No país do futebol

Foto: Divulgação/CBF

Carlos Eduardo Novaes*

Conto Brasileiro

Juvenal Ouriço aproximou-se de um vendedor parado à porta de uma loja de eletrodomésticos e perguntou:

– Qual desses oito televisores os senhores vão ligar na hora do jogo?

– Qualquer um – disse o vendedor desinteressado.

– Qualquer um não. Eu cheguei com duas horas de antecedência e mereço uma certa consideração.

– Para que o senhor quer saber?

– Para já ir tomando posição diante dele.

O vendedor apontou para um aparelho. Juvenal observou os ângulos, pegou a almofada que o acompanhava ao Maracanã e sentou-se no meio da calçada.

– Ei, psiu – chamou-o um mendigo recostado na parede da loja – como é que é, meu irmão?

– Quer me botar na miséria? Esse ponto aqui é meu.

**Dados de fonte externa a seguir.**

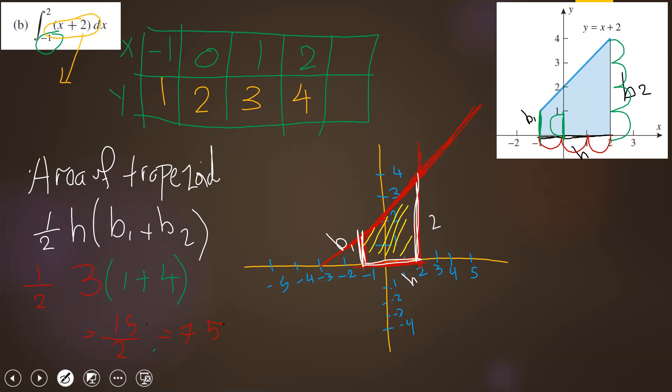Is it clear? Yes. So I sketch the graph, see which region is shaded, go back to geometry to find the area of that region, apply the appropriate formula, and that gives me the value of the integral.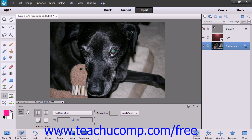The Cookie Cutter tool is a powerful tool in Elements that allows you to create custom shapes out of your images. Unlike the Custom Shape tool that creates a mask, this tool crops all of the pixels outside of the shape that you choose.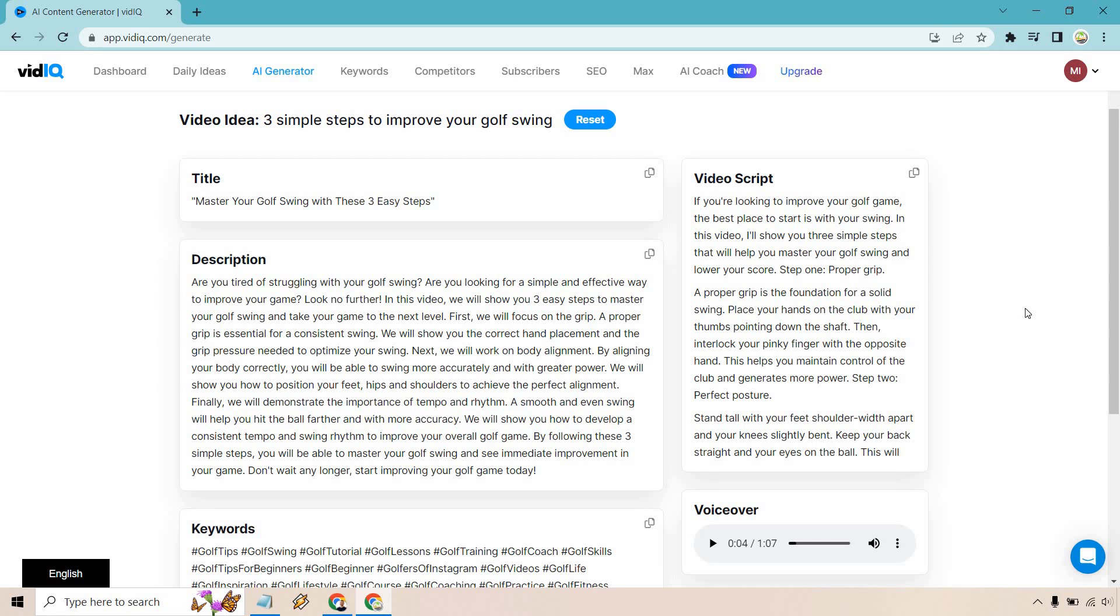But this kind of reminds me of doing those cash cow videos where you usually have a lot of pictures and videos in the background with the voiceover. This will really allow you to create those quickly if that's the route you're wanting to go. But nevertheless, I think this is a pretty cool feature with vidIQ and I wanted to test it out for you just so you can see how it works.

– Eu não vou pedir esmola.

– Então senta aqui ao meu lado.

– Aí não vai dar para eu ver o jogo.

– Na hora do jogo nós vamos lá pra casa.

– Você tem TV em cores?

– Claro. Você acha que eu fico me matando aqui pra quê?

Juvenal agradeceu. Disse que preferia ficar na loja, onde tinha marcado encontro com uns amigos que não via desde a final da Copa de 90.

Aos poucos o público foi aumentando, operários, vendedores, contínuos, vagabundos, e às 15h e 45min já não havia mais lugar diante das lojas de eletrodomésticos, os retardatários corriam de uma para a outra à procura de uma brecha. Alguns ficavam pulando atrás da multidão tentando enxergar a tela do aparelho.

As lojas concentravam multidões. As calçadas da cidade, que já são poucas, desapareciam completamente.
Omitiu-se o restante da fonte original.